» WORK INSTRUCTIONS: Take the line with "ALQUILO HABITACION ZONA SANTA BARBARA" and every line after it in the entries below, and set them down exactly, without any pictures.

BEGIN STORED DATA

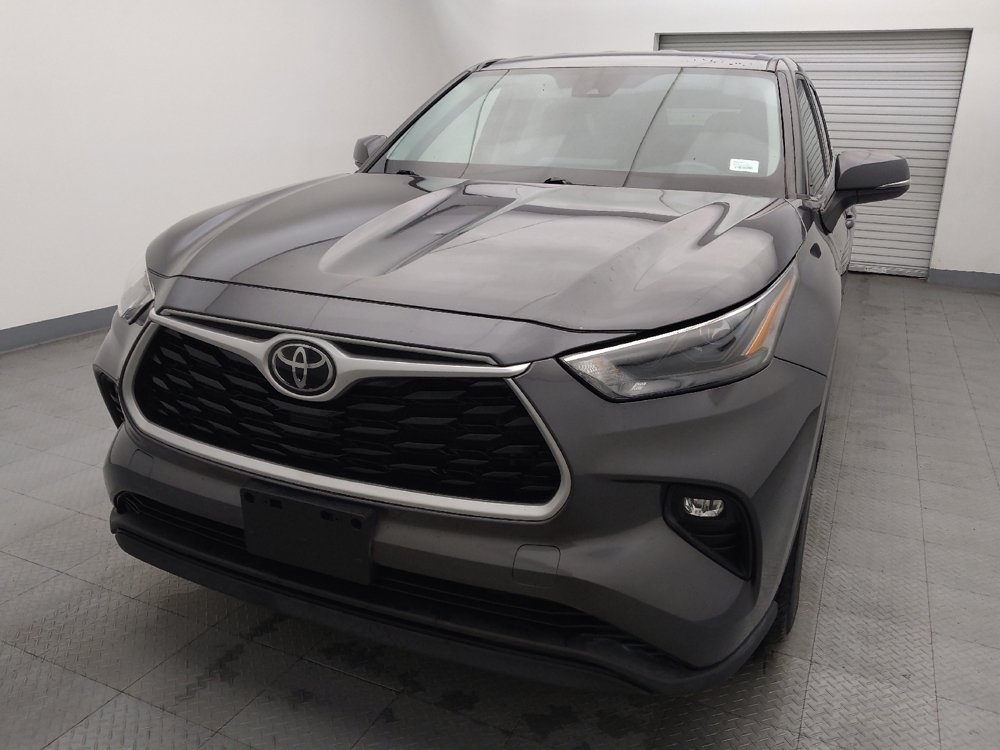 Used 2022 Toyota Highlander LE image 15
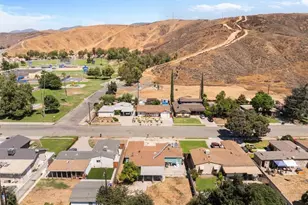 1417 W Marshall Blvd, San Bernardino, CA 92405 - Photo 29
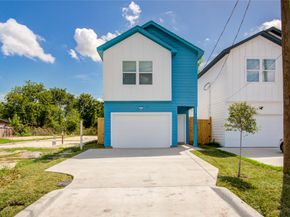 9932 Fillmore Street, Houston TX 77029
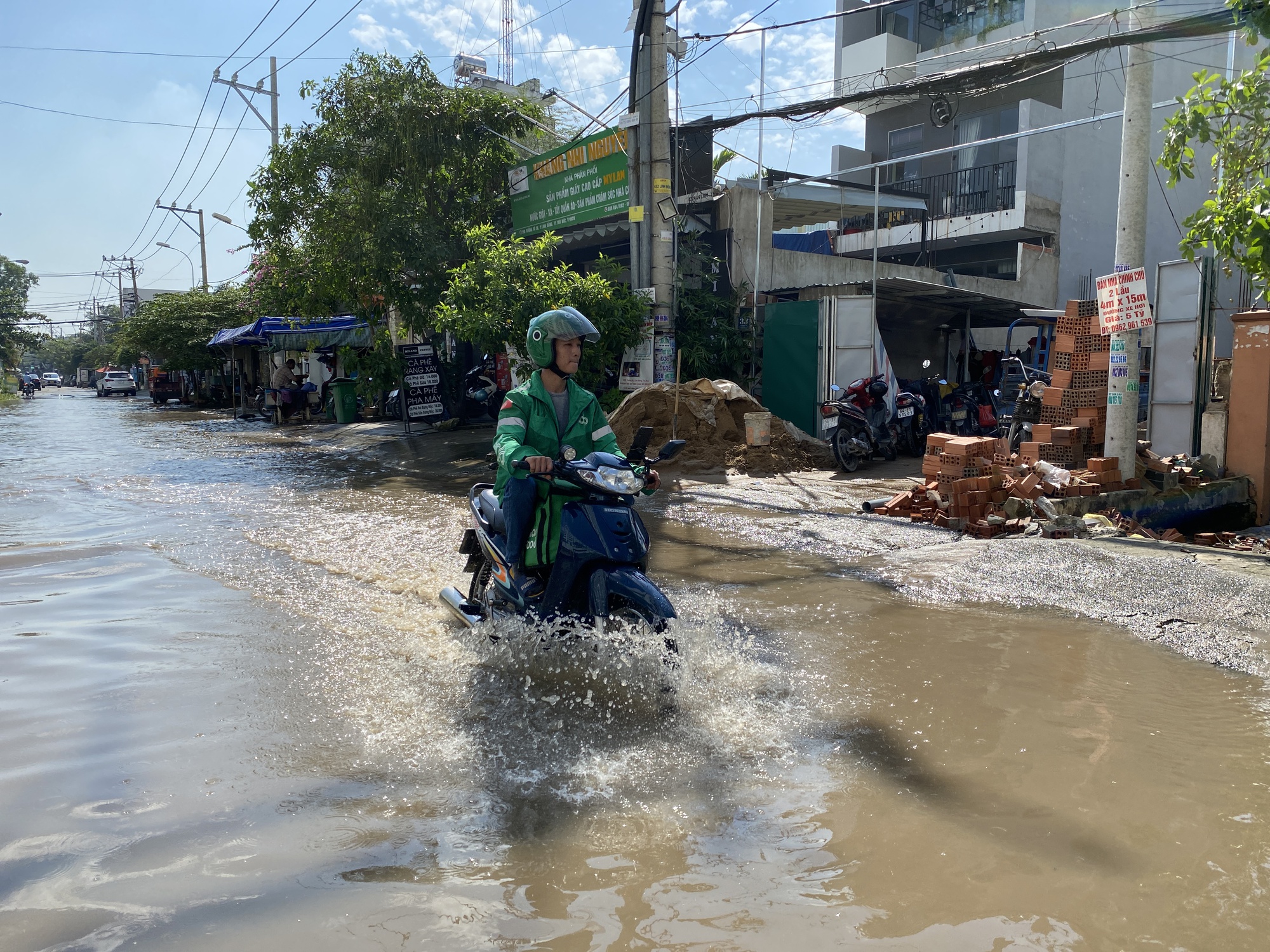 Cư dân ở TP.HCM vật vã lội nước ngập hơn 12 tiếng chưa rút, phương tiện chết máy la liệt  - Ảnh 11.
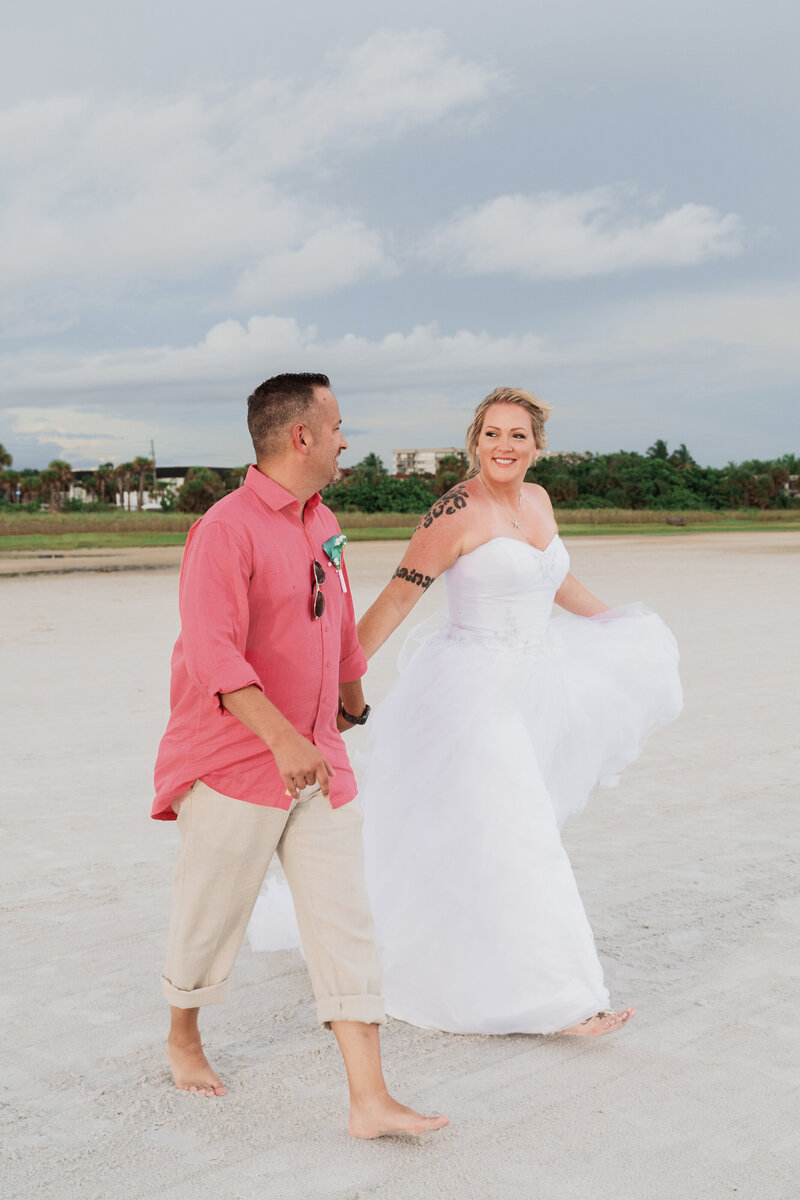 Siesta-Key-Beach-Sarasota-Florida-Destination-Wedding-Elopement-Photos-Ashleigh-Ahern-Photography (3)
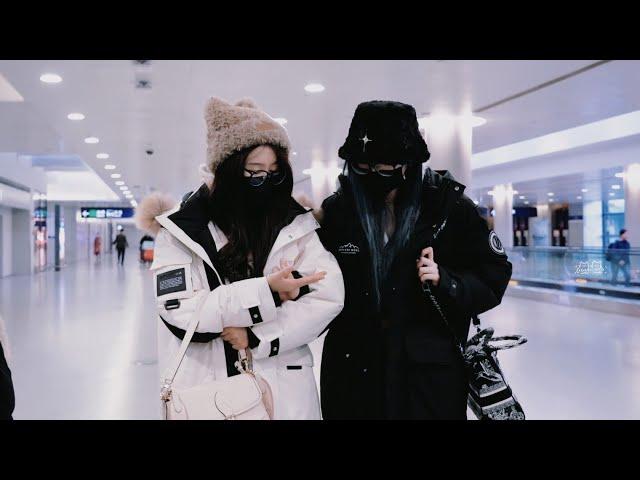 SNH48 Wang Yi and Zhou Shi Yu - SQHY Teasing Each Other in the Airport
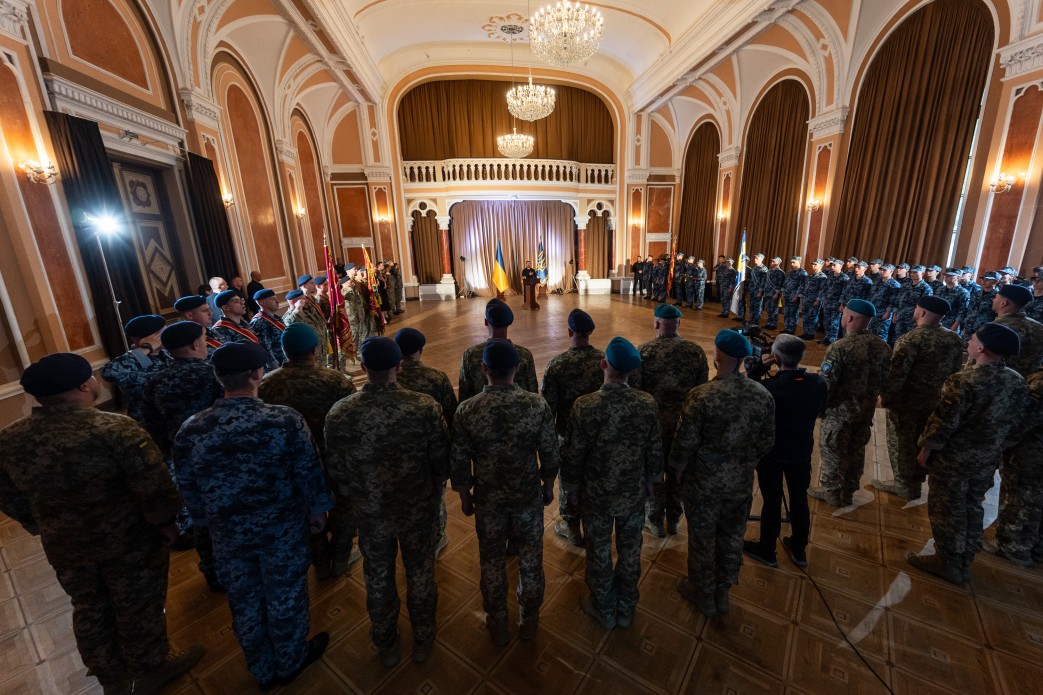 Президент зустрівся з воїнами ВМС та відзначив їх держнагородами фото 2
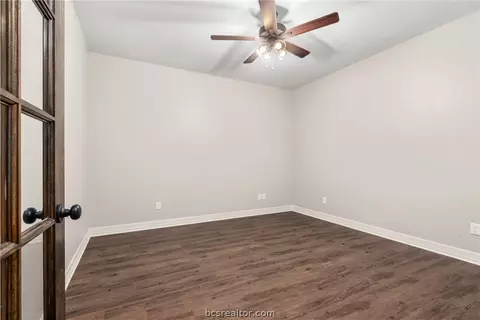 5015 Grayson Way, Bryan, TX 77802 photo 21
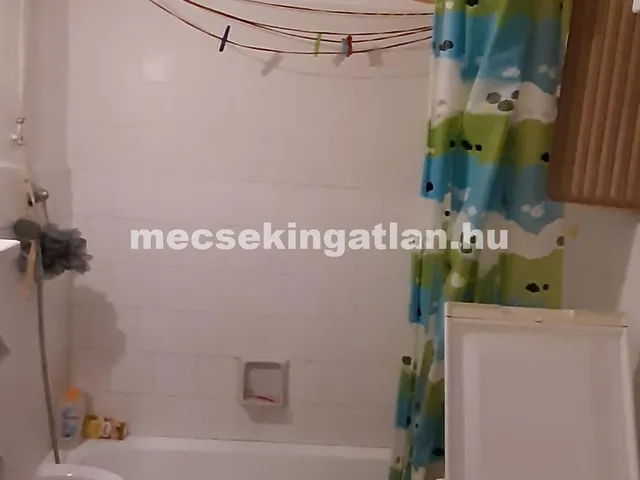 Kiadó lakás Pécs, Uránváros 47 nm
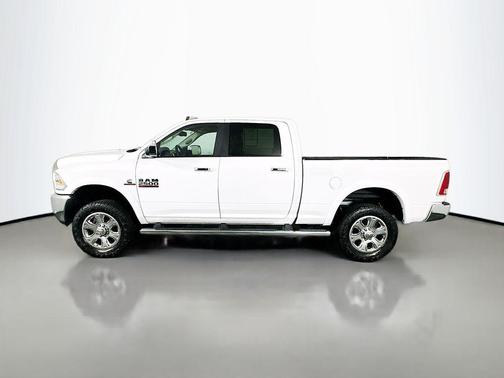 Bright White Clearcoat 2017 RAM 2500 Laramie Crew Cab 4x4 6'4' Box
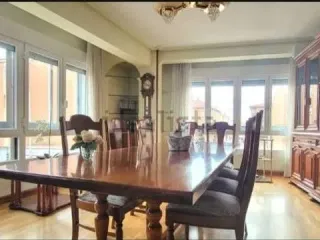 ALQUILO HABITACION ZONA SANTA BARBARA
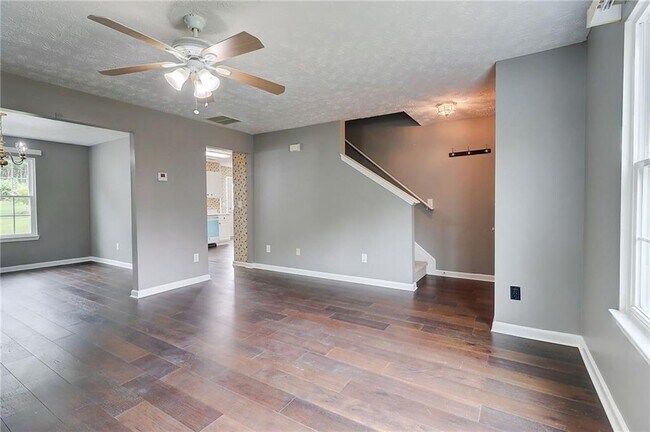 Building Photo - 1061 Chase Creek Ct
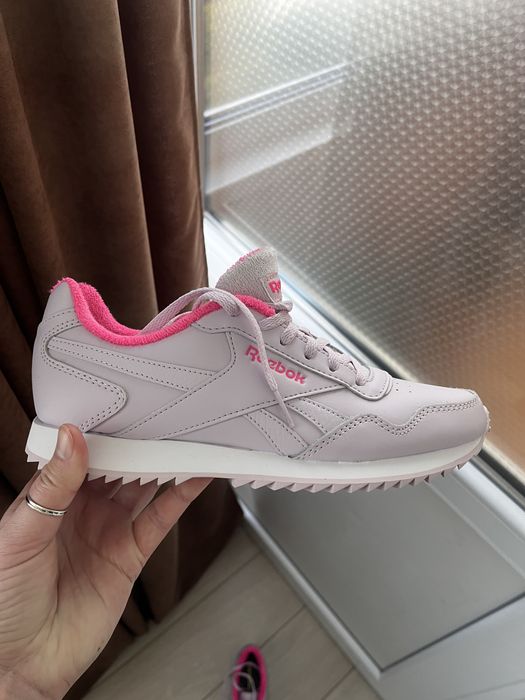 Reebok жіночі, 38 розмір, нові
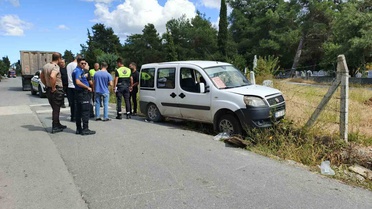 Samsun Bafra'da rahatsızlanan sürücü mezarlıkta direğe çarptı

END STORED DATA

» TASK SOLUTION:
 ALQUILO HABITACION ZONA SANTA BARBARA
 Building Photo - 1061 Chase Creek Ct
 Reebok жіночі, 38 розмір, нові
 Samsun Bafra'da rahatsızlanan sürücü mezarlıkta direğe çarptı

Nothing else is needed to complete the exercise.